Noodle Vague, Thursday, 10 January 2008 21:04 (eighteen years ago)

Pantheism? It's just a matter of swapping a few atoms around that differentiates us in the cosmic jello:

http://i9.photobucket.com/albums/a82/bobbysixer/rojc.jpg

Bob Six, Thursday, 10 January 2008 21:25 (eighteen years ago)

I seriously heard a UFC reverend call people "pantheist pussies."

Abbott, Thursday, 10 January 2008 21:48 (eighteen years ago)

So now I realize the word I am looking for is polytheism.

Abbott, Thursday, 10 January 2008 21:49 (eighteen years ago)

atheists representin'

M.V., Thursday, 10 January 2008 22:22 (eighteen years ago)

five years pass...

haha

Mordy introduced this idea to me: http://en.wikipedia.org/wiki/Panentheism and I think it describes my religious views better than anything else I've seen :)

THE SONIC UNREGULATED ELECTRIC CATFISH (imago), Wednesday, 2 October 2013 00:16 (twelve years ago)

Ppl upthread getting it confused with polytheism

cardamon, Wednesday, 2 October 2013 01:43 (twelve years ago)

Narcissism of differences in types of astrology

hey racists can be joyless too yknow (darraghmac), Wednesday, 2 October 2013 06:40 (twelve years ago)

unfair, that

how do i shot cwmbran? (Noodle Vague), Wednesday, 2 October 2013 06:44 (twelve years ago)

u can imagine i'll be judged for it later if it helps

hey racists can be joyless too yknow (darraghmac), Wednesday, 2 October 2013 07:20 (twelve years ago)

lol i think when you move away from monotheism it's easier to think as the theist bit as not being angry boss God and being something closer to a philosophical relationship to the cosmos is what i meant

so poly/pantheism can be thought of as a twist on pluralism vs monism with no real supernatural element at all

imo

how do i shot cwmbran? (Noodle Vague), Wednesday, 2 October 2013 07:41 (twelve years ago)

polytheism = the pantheist universe playing with its action figures

how do i shot cwmbran? (Noodle Vague), Wednesday, 2 October 2013 07:45 (twelve years ago)

i can dig the universe being one big connected juicy energy hyperdriven orgasm that we're all experiencing mannnnn, that's just the universe

no need to f/w 'awareness' or any such kinda concepts. pantetheism still seems to be inserting a level of remove from nothing but pure consciousness that i can live without.

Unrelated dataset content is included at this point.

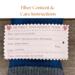 Product label showing fiber content and care instructions for handmade baby mittens — machine washable for easy care.
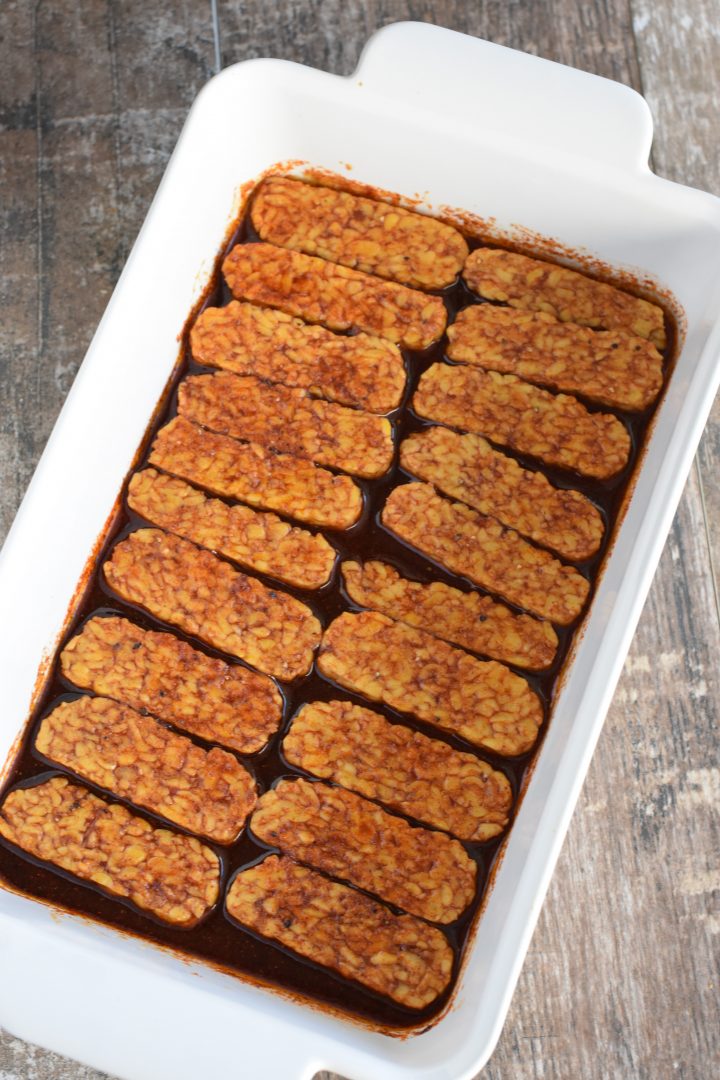 tempeh strips flipped over in the marinade in the baking dish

hey racists can be joyless too yknow (darraghmac), Wednesday, 2 October 2013 07:56 (twelve years ago)

yeah i don't see the need to multiply entities either tbh

how do i shot cwmbran? (Noodle Vague), Wednesday, 2 October 2013 07:59 (twelve years ago)

wait is this back to my logic course again cos thats not til tomorrow night

hey racists can be joyless too yknow (darraghmac), Wednesday, 2 October 2013 08:09 (twelve years ago)

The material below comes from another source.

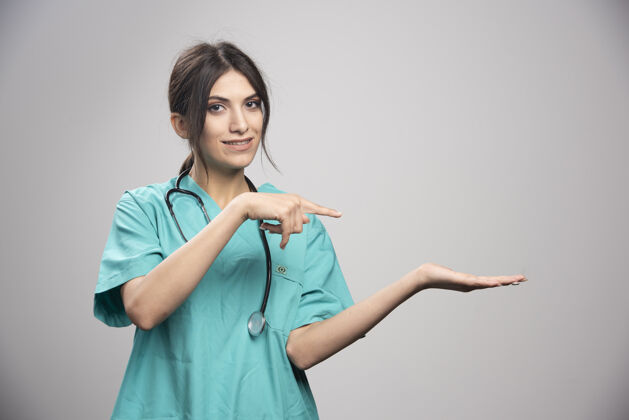 职业穿制服的女医生在灰色的床上摆姿势健康疾病制服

While pantheism asserts that 'All is God', panentheism goes further to claim that God is greater than the universe.

I can get on this.

yeah i don't see the need to multiply entities either tbh

No need to have the big bang fwiw

Emperor Cos Dashit (Adam Bruneau), Thursday, 3 October 2013 00:39 (twelve years ago)

think any good pantheism / panentheism has to be a polytheism too (defining all terms quite loosely). without that the pan(en)theist universe becomes, under closer scrutiny, a bit of an undifferentiated mush. hence nietzsche the simultaneous dionysian and polytheist.

opie dead eyed piece of shit (Merdeyeux), Thursday, 3 October 2013 00:51 (twelve years ago)

imho not so

Mordy , Thursday, 3 October 2013 00:55 (twelve years ago)

under the closest scrutiny, everything is an undifferentiated mush!

Emperor Cos Dashit (Adam Bruneau), Thursday, 3 October 2013 00:57 (twelve years ago)

Not all unknowns are postulated with equal validity, the answer will not turn out to have horns or care about children.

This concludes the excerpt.